The Panthers have been picked second in the Valley behind Wichita State. While few think Northern Iowa has a chance to actually push the Shockers out of the league’s top spot, the players are in place for Northern Iowa to make a run at an NCAA tournament berth.
”What we do each and every day is the most important thing. It sounds simple, but that’s a difficult task,” ninth-year Northern Iowa coach Ben Jacobson said. ”To be able to do the right things each and every day, and not get caught up in how many guys we’ve got back and who those guys are and where we get picked or don’t get picked.”
Here are some of the keys for Northern Iowa, which returns over 90 percent of its scoring and rebounding after finish 16-15 last year.
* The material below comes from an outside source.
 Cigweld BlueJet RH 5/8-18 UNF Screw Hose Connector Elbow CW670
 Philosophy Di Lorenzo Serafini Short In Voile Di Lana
KING TUTTLE: Tuttle, who averaged 15.4 points and 8 rebounds last season, is one of the nation’s most under-the-radar stars. Tuttle turned down Wisconsin, Iowa and Iowa State to play for Jacobson, and he’s since started 101 games in his three seasons in Cedar Falls. Tuttle is the Valley’s active leader in rebounds with 677 and has 16 career double-doubles, and the Panthers will lean on him in the post. ”What he’s after is doing what he can on a daily basis to put our team in position to win a championship,” Jacobson said.
LOADED BACKCOURT: Northern Iowa has many options at guard this year. Mitchell averaged 12.1 points last season – and he’s expected to come off the bench. Junior Wes Washpun should improve on the 8.5 points he averaged after transferring from Tennessee, and junior shooting guard Matt Bohannon made the MVC’s All-Improved team last season. Sophomore Jeremy Morgan is an intriguing prospect on the wing, and Jesperson and Lohaus should at least provide quality depth for the Panthers. ”If you look around, we have weapons everywhere,” Tuttle said.
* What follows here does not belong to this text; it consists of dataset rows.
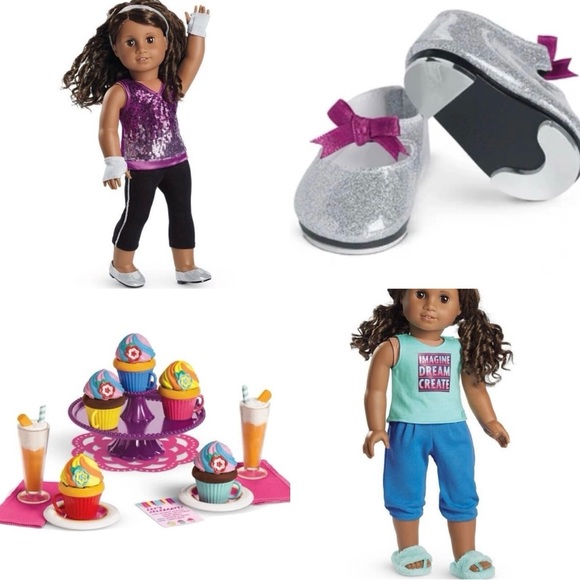 American Girl Gabriela's Tap Shoes PJs and Clothes Bundle Retired NIB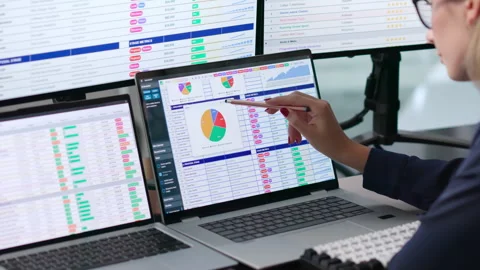 Medical Billing Analyst Carefully Coding Patient Data On Laptop Stock-Footage 347902342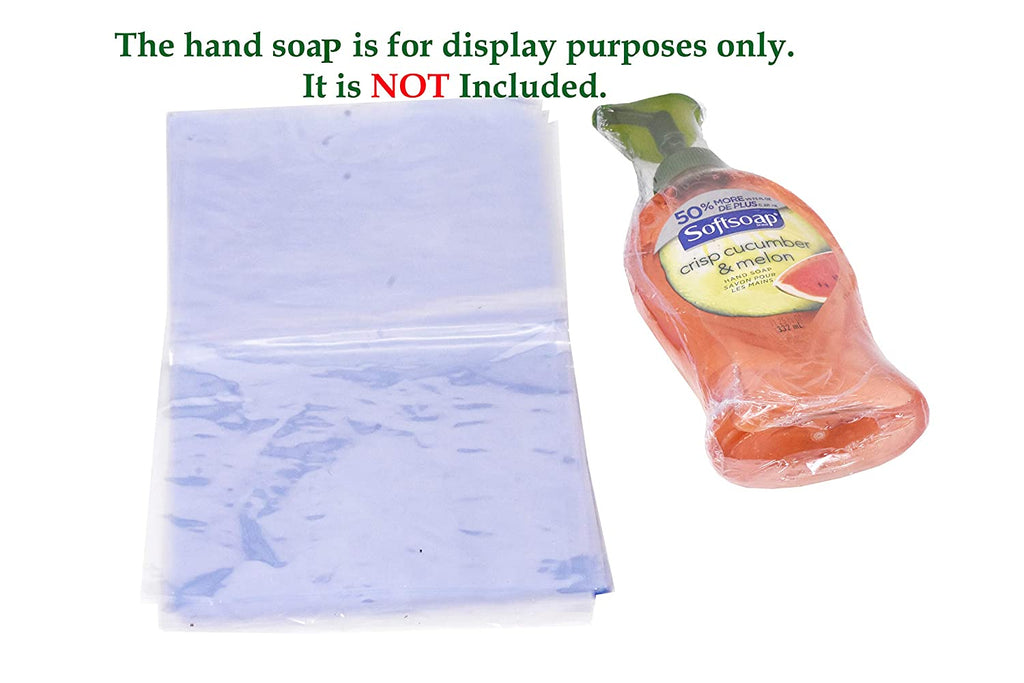 Plastic Shrink Wrap Bags for Soaps Shoes Gift Baskets - Clear Heat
LONG RANGE: Jesperson made 33 starts for Virginia in 2012-13 and shot 37 percent from 3-point range. The Panthers always find minutes for high-quality shooters, so Jesperson should be have plenty of opportunities for playing time. Jesperson scored 12 points on 4 of 7 shooting and hit a pair of 3s in Northern Iowa’s 83-66 exhibition win over Upper Iowa last week.
LIKE FATHER, LIKE SON: Lohaus is the son of Brad Lohaus, the former Iowa power forward who played in the NBA for more than a decade. Wyatt is roughly 9 inches shorter than his 6-foot-11 father, but the Panthers think Wyatt has a chance to be a star in the conference. Wyatt led Iowa City West High to three straight state titles and a 95-9 record.
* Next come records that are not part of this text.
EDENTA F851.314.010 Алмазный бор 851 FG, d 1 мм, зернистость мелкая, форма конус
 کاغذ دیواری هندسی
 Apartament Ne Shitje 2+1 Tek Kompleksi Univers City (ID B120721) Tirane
SCHEDULE: A Dec. 13 trip to 15th-ranked VCU highlights Northern Iowa’s non-conference schedule. The Panthers also face Iowa on a neutral floor in Des Moines, and a win over the Hawkeyes likely would be huge in the eyes of the NCAA tournament selection committee. Northern Iowa also has gameS against Virginia Tech, Richmond and George Mason, and its home date with the 11th-ranked Shockers will be among the most-anticipated Valley games.